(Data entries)
━━━━━━━━━━━━━━━━━━━━━━━━━━━━━━
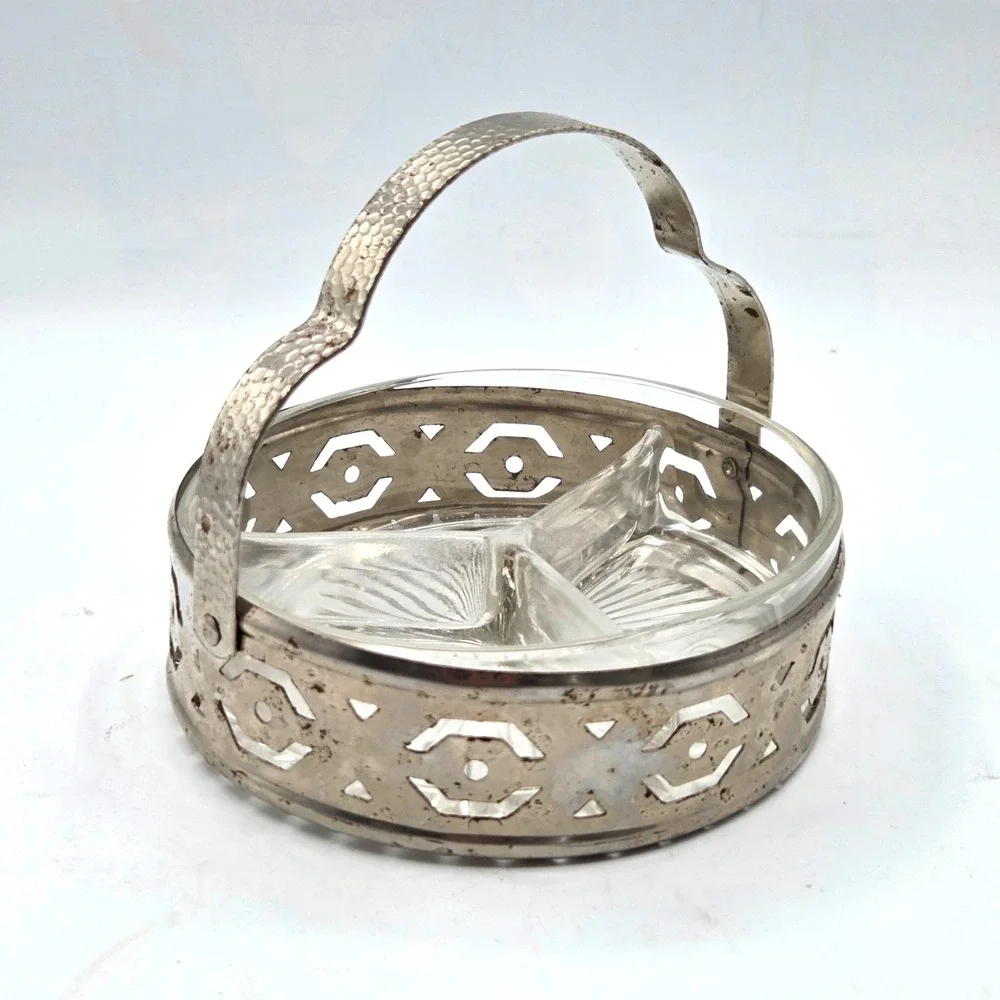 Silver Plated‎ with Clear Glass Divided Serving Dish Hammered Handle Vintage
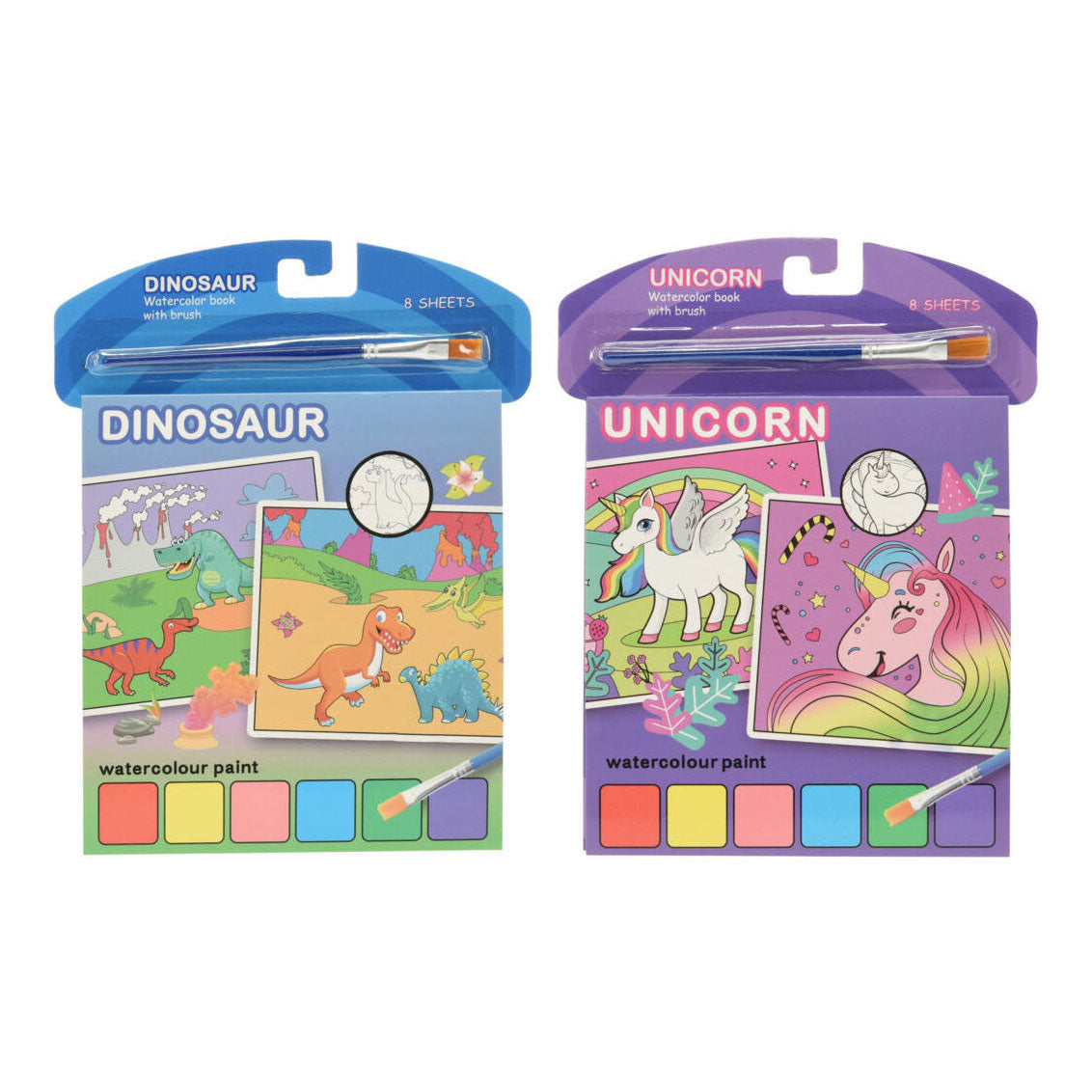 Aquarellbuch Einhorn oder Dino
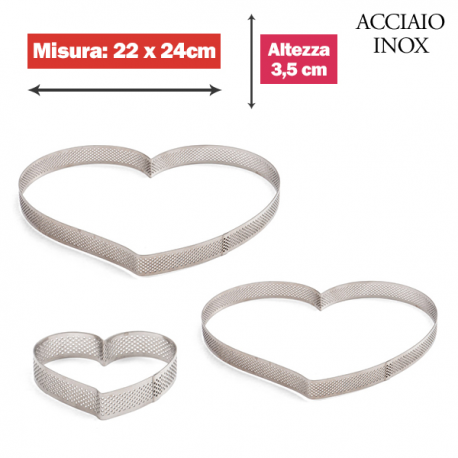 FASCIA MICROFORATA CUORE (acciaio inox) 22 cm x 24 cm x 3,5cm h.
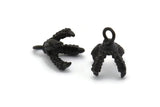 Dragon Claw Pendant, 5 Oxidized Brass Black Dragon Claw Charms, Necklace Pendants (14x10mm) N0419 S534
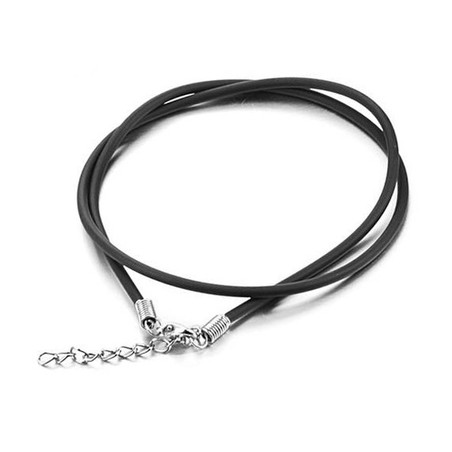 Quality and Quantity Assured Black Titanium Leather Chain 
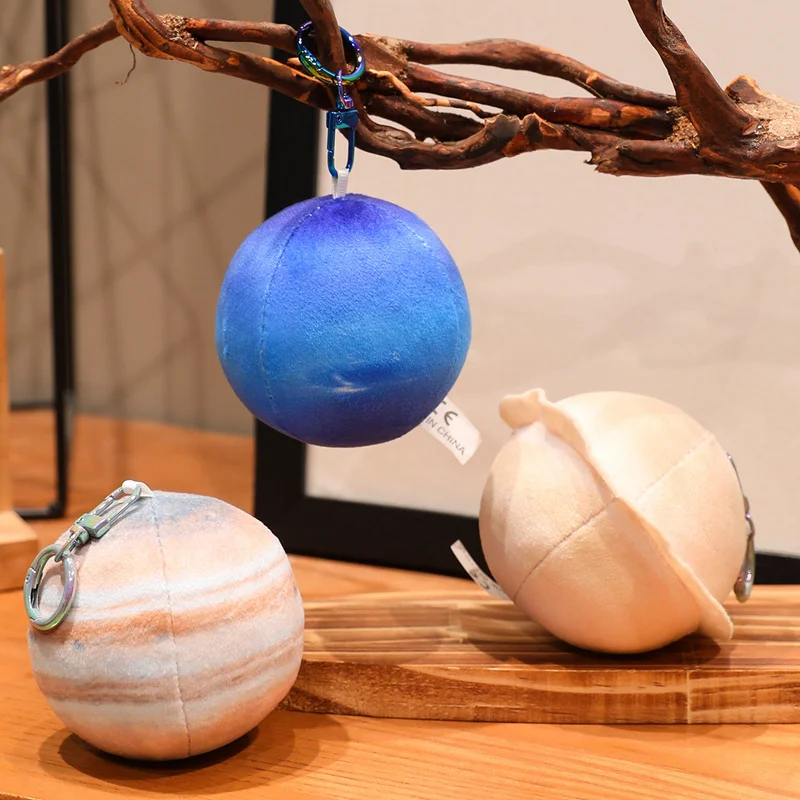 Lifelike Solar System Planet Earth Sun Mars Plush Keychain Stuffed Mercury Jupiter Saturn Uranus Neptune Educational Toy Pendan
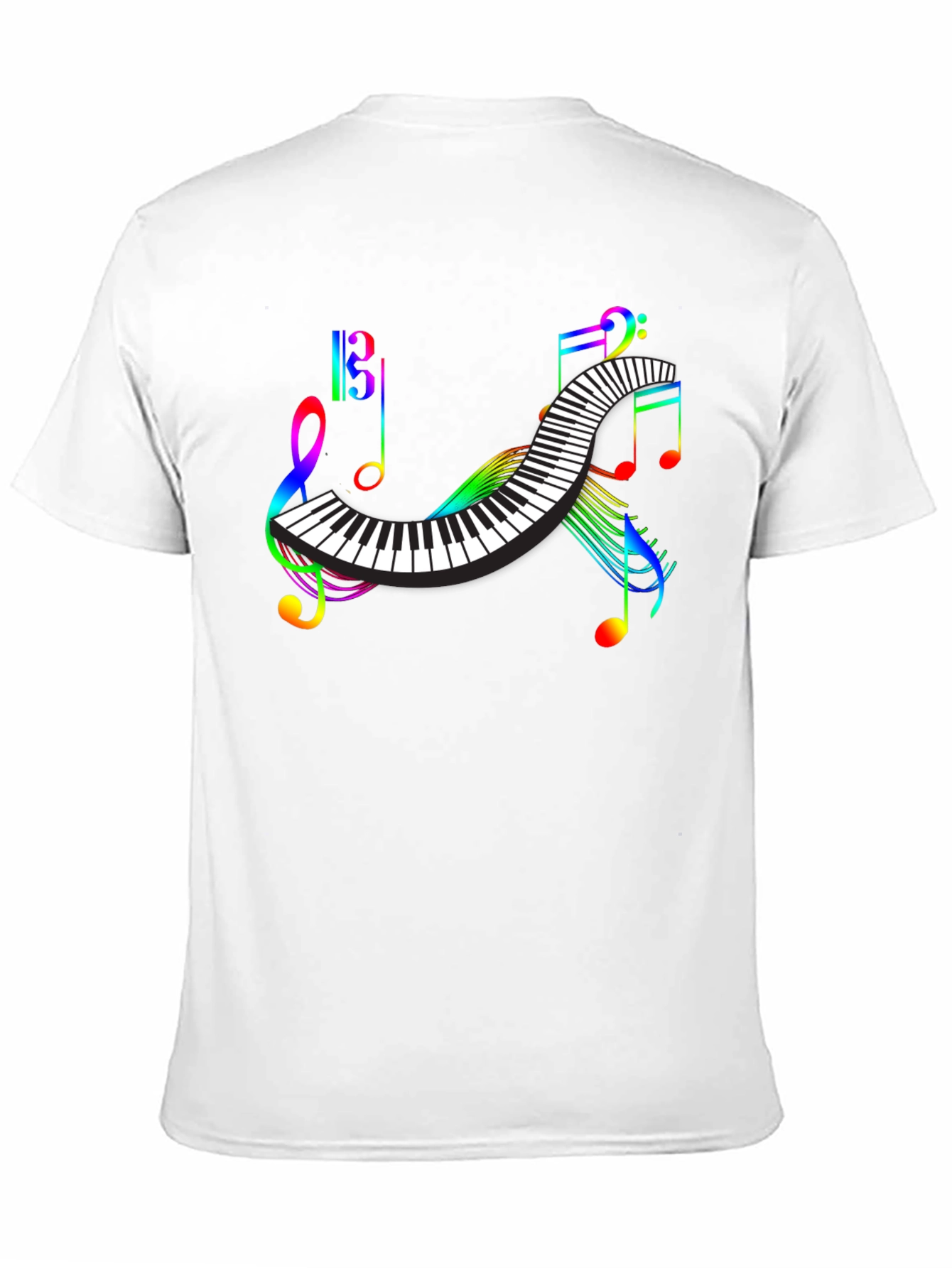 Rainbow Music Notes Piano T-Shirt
━━━━━━━━━━━━━━━━━━━━━━━━━━━━━━
Print out the entries once more, unchanged. No pictures.

 Silver Plated‎ with Clear Glass Divided Serving Dish Hammered Handle Vintage
 Aquarellbuch Einhorn oder Dino
 FASCIA MICROFORATA CUORE (acciaio inox) 22 cm x 24 cm x 3,5cm h.
 Dragon Claw Pendant, 5 Oxidized Brass Black Dragon Claw Charms, Necklace Pendants (14x10mm) N0419 S534
 Quality and Quantity Assured Black Titanium Leather Chain 
 Lifelike Solar System Planet Earth Sun Mars Plush Keychain Stuffed Mercury Jupiter Saturn Uranus Neptune Educational Toy Pendan
 Rainbow Music Notes Piano T-Shirt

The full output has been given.